Sunday, December 8, 2013
By Tom Atwell firstname.lastname@example.org
Mulch can make your garden healthier and easier to maintain. It also can kill your plants.
It all depends on how you use it.
"Mulch" is one of those words that has so many meanings, you have to depend on context to know what is meant. You put mulch on perennial and shrub borders to keep moisture in the soil and slow the germination of weeds. You mulch tender plants in winter to help them survive. You can even put lots of mulch on lawns and fields to kill what is growing there so you can plant something else.
I like mulch. All of our gardens have 2 or 3 inches of mulch in and around the shrubs and perennials. We don't add mulch everywhere every year, but we do check where it is needed and add some.
There are gardeners who prefer to leave their garden soil bare. They consider it more natural. I wonder if they have ever taken a walk in the woods. The forest floor is filled with decomposing twigs and leaves because no one rakes there. Mulch in gardens is simply organic matter to replace the leaves we rake away.
We use a mulch that is mostly shredded bark, although it also has some chopped-up twigs and branches. It is a fairly dark brown. We don't like the looks of red cedar mulch.
The bark mulch is usually aged for a while, letting decomposition begin. If you put down freshly chopped wood chips, they would break down and add organic matter to the soil eventually, but it would take longer. And the decomposition would rob some nitrogen from the soil.
Avoid mulches created with construction or demolition debris -- and some are. They have the same problem as freshly chipped wood, and you don't know what other chemicals you are getting.
Coastal Maine Botanical Gardens uses NutriMulch from New England Organics. That is mulch mixed with decomposed sewer sludge, and the nutrients feed the plants.
I have seen people use pea stone or other small pebbles as mulch. In some specialized formal settings, that can work. But the stones often get dirty, and are difficult to clean. I have read about mulch made from ground-up tires but, thankfully, have never seen it.
It's best to mulch gardens in very early spring, before most perennials are out of the ground.
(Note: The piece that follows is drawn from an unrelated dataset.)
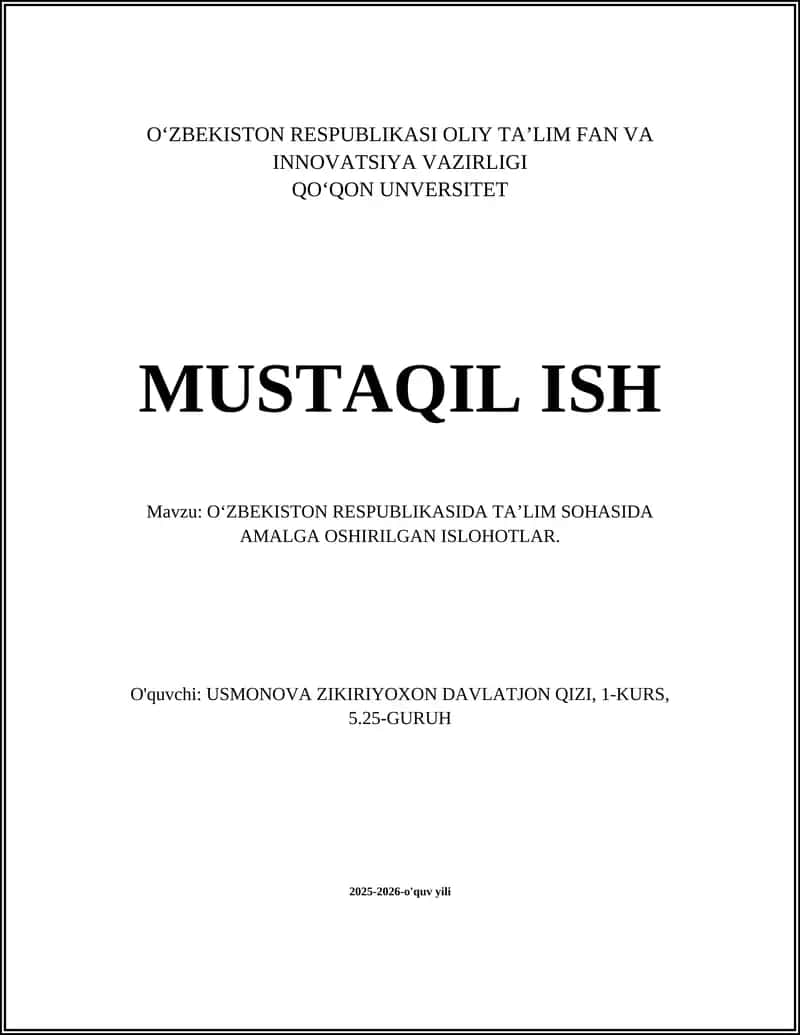 O'zbekiston Respublikasida Ta'lim Sohasida Amalga Oshirilgan Ishlohotlar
The perennials will simply grow through it. But spring is busy, and too often we end up mulching around plants. If the plants are already up, you don't want lots of mulch touching the plant stalks. Have almost none right next to the plants, and more in the open areas.
This is especially true for trees and shrubs. In parking lots, you often see what landscape professionals call "volcano mulch." You have a tree struggling to grow in a 2-yard square of soil surrounded by a sea of asphalt. Mulch has been stacked a foot high around the trunk of the tree, which eventually kills the tree by smothering the roots. Every tree has a root flare, and the mulch shouldn't go above that flare.
In a summer when there are soggy periods followed by long dry periods -- and that is every summer in Maine -- a crust will form, making it more difficult for rain to penetrate.
When that happens, I work through the garden with a hula hoe, also called a stirrup hoe or scuffle hoe, and fluff the mulch. It is something you will probably have to do only once a year, and it also gets rid of any weeds that have managed to grow through the mulch.
For protecting plants from winter cold, the mulch material of choice is old-fashioned straw, but if you have pine needles on your property, they work well. You'll want to wait until late November, when the ground has just frozen, to put down that mulch.
I mentioned early in the column that mulch can kill plants, and putting volcano mulch on trees and smothering perennials will do that.
But sometimes you DO want to kill plants. Say you want to create a vegetable or flower garden where you now have lawn or a hay field. In the fall, put down layers of newspapers over the area you want to kill. Lots of newspapers. Just another good reason for keeping up your subscription.
On top of the newspapers you put on mulch, mixed with compost, about 3 inches deep. The lawn will not have decomposed completely over that first winter, but you can dig through the mulch and plant. And eventually, all the sod will decompose and enrich the soil for your future garden.